Skip the pictures. Give all the data again exactly.

**Data**
---

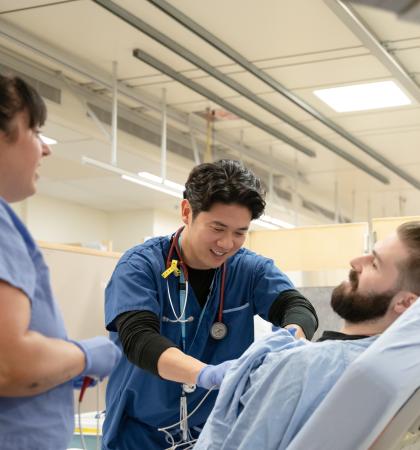 Image of a nurse and doctor assisting a patient 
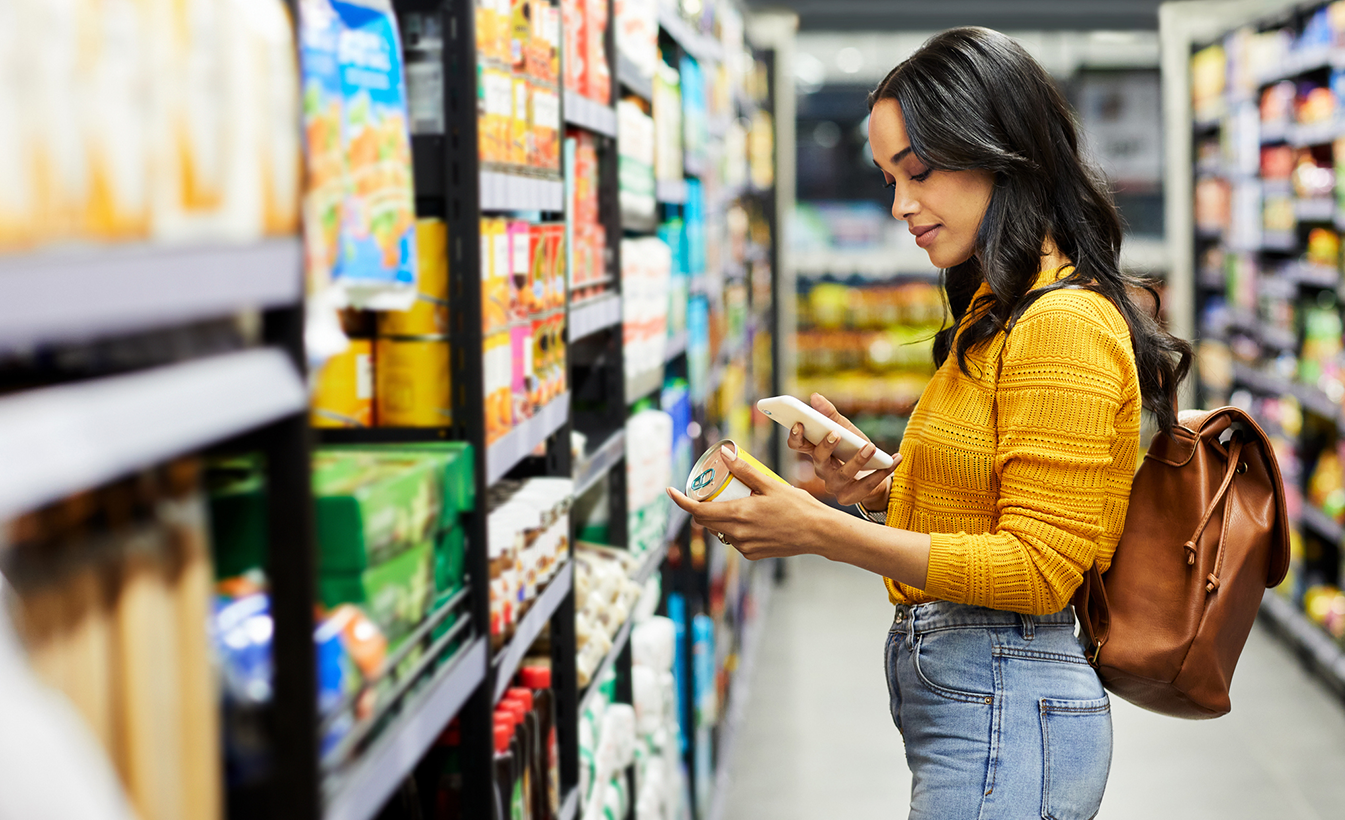 Woman in yellow shirt shopping in a grocery store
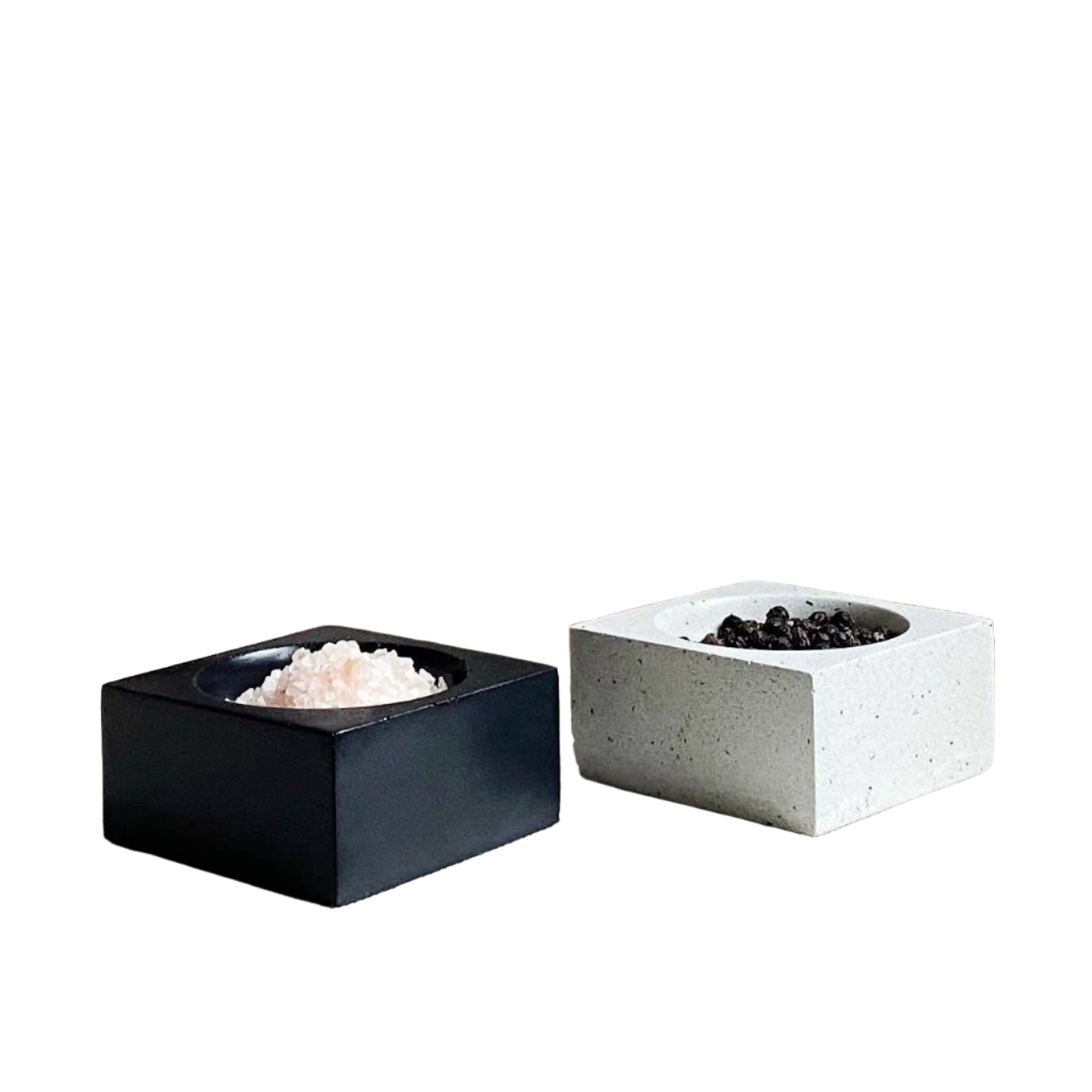 Square salt and pepper hand displays with semi circle holding spaces for spice.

---

**Answer to this exercise**
 Image of a nurse and doctor assisting a patient 
 Woman in yellow shirt shopping in a grocery store
 Square salt and pepper hand displays with semi circle holding spaces for spice.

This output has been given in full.